> _Exercise materials_:
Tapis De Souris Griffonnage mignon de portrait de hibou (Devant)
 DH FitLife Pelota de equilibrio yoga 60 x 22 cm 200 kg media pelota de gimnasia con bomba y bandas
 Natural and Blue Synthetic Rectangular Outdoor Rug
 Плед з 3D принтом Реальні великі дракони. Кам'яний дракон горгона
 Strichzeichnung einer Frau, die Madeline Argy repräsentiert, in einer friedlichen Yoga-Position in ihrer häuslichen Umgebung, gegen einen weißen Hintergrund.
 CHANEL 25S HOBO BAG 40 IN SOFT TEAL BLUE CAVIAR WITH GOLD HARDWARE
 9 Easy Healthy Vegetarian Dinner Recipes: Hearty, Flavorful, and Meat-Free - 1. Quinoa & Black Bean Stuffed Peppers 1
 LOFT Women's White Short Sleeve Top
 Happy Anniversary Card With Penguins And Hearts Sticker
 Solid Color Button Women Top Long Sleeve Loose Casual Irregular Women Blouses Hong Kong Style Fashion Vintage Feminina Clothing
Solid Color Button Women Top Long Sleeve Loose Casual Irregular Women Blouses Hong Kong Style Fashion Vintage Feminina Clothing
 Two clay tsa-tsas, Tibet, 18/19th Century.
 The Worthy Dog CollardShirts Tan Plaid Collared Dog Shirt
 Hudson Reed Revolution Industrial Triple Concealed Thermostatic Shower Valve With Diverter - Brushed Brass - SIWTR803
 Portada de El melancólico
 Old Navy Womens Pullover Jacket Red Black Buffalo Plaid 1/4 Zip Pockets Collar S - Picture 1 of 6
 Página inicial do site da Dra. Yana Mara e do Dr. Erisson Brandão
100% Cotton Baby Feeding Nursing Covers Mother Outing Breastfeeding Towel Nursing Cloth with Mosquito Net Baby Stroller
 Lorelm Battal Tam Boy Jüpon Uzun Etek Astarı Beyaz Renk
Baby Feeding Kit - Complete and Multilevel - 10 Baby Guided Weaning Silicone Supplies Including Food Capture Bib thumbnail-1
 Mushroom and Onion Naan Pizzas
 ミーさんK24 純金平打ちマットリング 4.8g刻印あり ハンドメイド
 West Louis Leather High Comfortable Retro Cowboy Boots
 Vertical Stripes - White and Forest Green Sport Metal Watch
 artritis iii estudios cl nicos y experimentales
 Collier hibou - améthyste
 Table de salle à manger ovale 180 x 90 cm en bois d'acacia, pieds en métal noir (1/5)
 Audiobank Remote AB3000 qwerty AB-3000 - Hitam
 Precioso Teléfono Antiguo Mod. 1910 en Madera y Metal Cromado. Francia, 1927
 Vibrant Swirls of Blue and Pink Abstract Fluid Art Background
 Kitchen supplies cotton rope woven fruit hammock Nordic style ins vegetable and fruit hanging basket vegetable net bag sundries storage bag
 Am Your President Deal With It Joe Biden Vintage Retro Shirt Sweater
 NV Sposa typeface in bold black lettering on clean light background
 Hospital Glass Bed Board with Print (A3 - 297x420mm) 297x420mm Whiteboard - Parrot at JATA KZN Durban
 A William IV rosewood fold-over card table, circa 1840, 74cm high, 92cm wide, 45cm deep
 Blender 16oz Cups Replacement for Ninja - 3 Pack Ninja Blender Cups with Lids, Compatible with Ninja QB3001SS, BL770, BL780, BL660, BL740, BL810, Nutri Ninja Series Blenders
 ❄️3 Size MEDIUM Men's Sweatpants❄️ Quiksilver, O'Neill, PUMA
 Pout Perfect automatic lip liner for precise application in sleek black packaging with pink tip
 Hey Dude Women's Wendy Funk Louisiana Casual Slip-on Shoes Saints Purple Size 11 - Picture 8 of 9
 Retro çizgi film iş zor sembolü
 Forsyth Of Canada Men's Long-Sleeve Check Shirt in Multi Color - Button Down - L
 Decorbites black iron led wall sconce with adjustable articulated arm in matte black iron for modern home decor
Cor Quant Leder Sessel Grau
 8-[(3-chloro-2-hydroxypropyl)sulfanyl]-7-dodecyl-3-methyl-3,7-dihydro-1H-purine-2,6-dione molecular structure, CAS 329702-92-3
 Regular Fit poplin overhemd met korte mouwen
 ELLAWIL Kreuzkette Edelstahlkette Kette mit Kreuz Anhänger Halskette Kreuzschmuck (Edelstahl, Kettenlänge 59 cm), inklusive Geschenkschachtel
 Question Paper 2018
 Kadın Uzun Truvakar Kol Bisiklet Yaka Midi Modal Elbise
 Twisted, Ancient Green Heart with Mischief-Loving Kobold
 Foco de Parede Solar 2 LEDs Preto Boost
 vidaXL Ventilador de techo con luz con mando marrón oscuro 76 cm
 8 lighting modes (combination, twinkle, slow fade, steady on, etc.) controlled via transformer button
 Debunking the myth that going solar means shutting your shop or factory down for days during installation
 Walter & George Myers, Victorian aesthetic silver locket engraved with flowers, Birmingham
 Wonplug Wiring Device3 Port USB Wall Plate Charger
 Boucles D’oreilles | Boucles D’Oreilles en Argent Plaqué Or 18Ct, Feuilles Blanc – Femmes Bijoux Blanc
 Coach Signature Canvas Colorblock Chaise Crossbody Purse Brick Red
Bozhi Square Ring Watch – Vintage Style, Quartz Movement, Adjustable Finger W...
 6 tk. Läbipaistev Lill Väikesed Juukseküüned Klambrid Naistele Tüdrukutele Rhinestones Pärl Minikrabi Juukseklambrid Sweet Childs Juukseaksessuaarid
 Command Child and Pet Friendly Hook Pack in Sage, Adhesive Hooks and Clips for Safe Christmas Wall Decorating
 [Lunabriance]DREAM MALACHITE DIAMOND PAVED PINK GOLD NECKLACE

> _Exercise details_: In your answer, include only the lines above starting at the line that holds "Collier hibou - améthyste" and ending at the line that holds "Blender 16oz Cups", copied exactly.

> _Answer to this problem_:
 Collier hibou - améthyste
 Table de salle à manger ovale 180 x 90 cm en bois d'acacia, pieds en métal noir (1/5)
 Audiobank Remote AB3000 qwerty AB-3000 - Hitam
 Precioso Teléfono Antiguo Mod. 1910 en Madera y Metal Cromado. Francia, 1927
 Vibrant Swirls of Blue and Pink Abstract Fluid Art Background
 Kitchen supplies cotton rope woven fruit hammock Nordic style ins vegetable and fruit hanging basket vegetable net bag sundries storage bag
 Am Your President Deal With It Joe Biden Vintage Retro Shirt Sweater
 NV Sposa typeface in bold black lettering on clean light background
 Hospital Glass Bed Board with Print (A3 - 297x420mm) 297x420mm Whiteboard - Parrot at JATA KZN Durban
 A William IV rosewood fold-over card table, circa 1840, 74cm high, 92cm wide, 45cm deep
 Blender 16oz Cups Replacement for Ninja - 3 Pack Ninja Blender Cups with Lids, Compatible with Ninja QB3001SS, BL770, BL780, BL660, BL740, BL810, Nutri Ninja Series Blenders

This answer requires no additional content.